Fig. 3. Average STFT- and Mel-Spectrograms of each class

When looking at the individual histograms in Fig. 3, the spectrum is significantly more unstable in the congested state compared to the free or full state. It is also noticeable that the higher frequency ranges, especially from 14 kHz, are slightly more dominant in the congested state. This characteristic could indicate a more intense presence of specific acoustic elements in this scenario, for example the more frequent occurrence of horn tones or the sound of the brakes grinding. In addition, Fig. 3.b shows a slight increase in the amplitude values at a frequency of around 750 Hz in free traffic.

Overall, the three classes show a clear similarity, which was to be expected given the averaging applied over all data points of each class.

#### IV. PREPARE THE DATA FOR MACHINE LEARNING ALGORITHMS

#### A. Balance the data

Despite an overall balanced class distribution, the number of data points per class is equalized by reducing the data points of the overrepresented classes. This ensures that each class is equally represented in the data set. This can avoid distortions in model performance, as the model may tend to learn the more frequent class better and neglect the rare classes [2].

#### B. Factorize the labels

Since most machine learning algorithms prefer numbers [2], the different classes, i.e. their labels, which are previously stored as strings, are factorized to numerical values from 0-2.

#### C. MFCC - Mel Frequency Cepstral Coefficients

For correct classification of audio samples, it is important that the statistical data show a small variation within the respective class and differ clearly from the statistical data of other classes. In general, spectral information is extracted from the audio signal to use this data as features. This is done using a Short-Time Fourier Transform (STFT). It is defined as follows:

$$X(\tau,\omega) = \int_{-\infty}^{\infty} x(t) \cdot \omega(t-\tau) \cdot e^{-j\omega t} dt \qquad (1)$$

Where x(t) is the input signal in the time domain, with t as the time variable.  $\omega(t - \tau)$  is the Hanning window applied to the signal to smooth the ends of the considered signal section to minimize artificial discontinuities [3].  $\tau$  is the shift of the window over the signal. [4]

The Mel spectrum is commonly used in speech recognition, music processing and other audio signal processing applications and can be used as input for various machine learning techniques to identify patterns in the audio data. It is generated by logarithmizing the intensity of the frequencies and normalizing them to a range of (normalized\_mel  $\in$  [-1,1]). This process involves the application of a non-linear Mel filter bank to generate the Mel spectrum from the linear spectrum. As shown in Fig. 4, the Mel filter bank consists of a series of triangular bandpass filters that overlap and are logarithmically distributed across the frequency band. Followed by a conversion of the intensities into Mel decibels (mel\_db). [5] [6]
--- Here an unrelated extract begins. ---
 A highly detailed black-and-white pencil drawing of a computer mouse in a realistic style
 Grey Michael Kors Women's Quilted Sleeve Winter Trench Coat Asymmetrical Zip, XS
Fig. 4. Mel filter bank [7]

Another common example as input for various machine learning methods are the Mel Frequency Cepstral Coefficients (MFCC). A cepstrum is the inverse Fourier transform of a logarithmized spectrum. The calculation of the MFCC involves the use of the "Mel spectrum". After the Mel spectrum has been generated, the Discrete Cosine Transform (DCT) is applied to it. This transformation is used to reduce the correlation between the Mel spectral bands and compress the most important information into a smaller number of coefficients. Several MFCCs together form an MFC (MEL-Frequency Cepstrum). [5] [6]
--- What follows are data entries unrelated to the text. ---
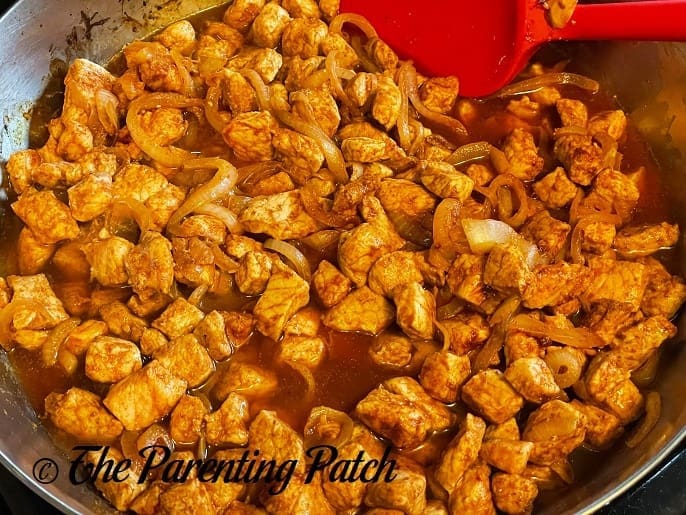 Cooked Pork and Chicken Broth for Creamy Paprika Pork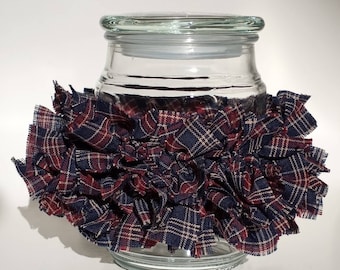 Rag Candle Ring, Navy Blue Farmhouse Decor,  Homespun Plaid Primitive Americana Stretch cozie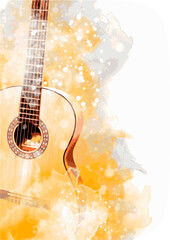 Guitar music illustration with abstract effects in poster format. - 489365564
The sequential results of this process are visualized in Figure 5 using a single input sample.



Fig. 5. Visual transformation process based on a single segment

The Python library librosa is used to extract spectral information from audio signals to use as features for audio classification. Librosa offers functions for processing and analyzing audio signals and for calculating features such as MFCC, MEL spectrograms and linear spectrograms. The MFCCs, the MEL spectrum and the linear spectrum are calculated for each audio sample in the data set. When comparing the shape of these features per segment, it becomes noticeable that the MFC has only 20 coefficients per 345 time ranges and the linear spectrum has 1025 coefficients per 345 time ranges.

The compact representation of features as MFCCs brings various advantages for audio classification. It captures important information about the spectral shape of audio signals. However, it concentrates only on the most important frequency components and thus removes redundancy or less relevant information. In addition to reducing the amount of data, this can improve the performance and accuracy of classification algorithms. This is also reflected in the test results in Table 2:

TABLE II. ACCURACY DIFFERENTS MFCC, MEL, STFT<sup>b</sup>

|               | MFCC  | MEL   | STFT  |
|---------------|-------|-------|-------|
| Accuracy in % | 96.96 | 97.51 | 95.28 |

<sup>b.</sup> default Random Forest.

The accuracy over a 5-fold cross validation on the training data set when using the entire frequency spectrum of the STFT as input features is about 1.7 % worse compared to the use of MFCCs. Overall, the best results were achieved when using the Mel spectrum. However, the MFCCs are used as features in this use case because they performed best after applying the PCA.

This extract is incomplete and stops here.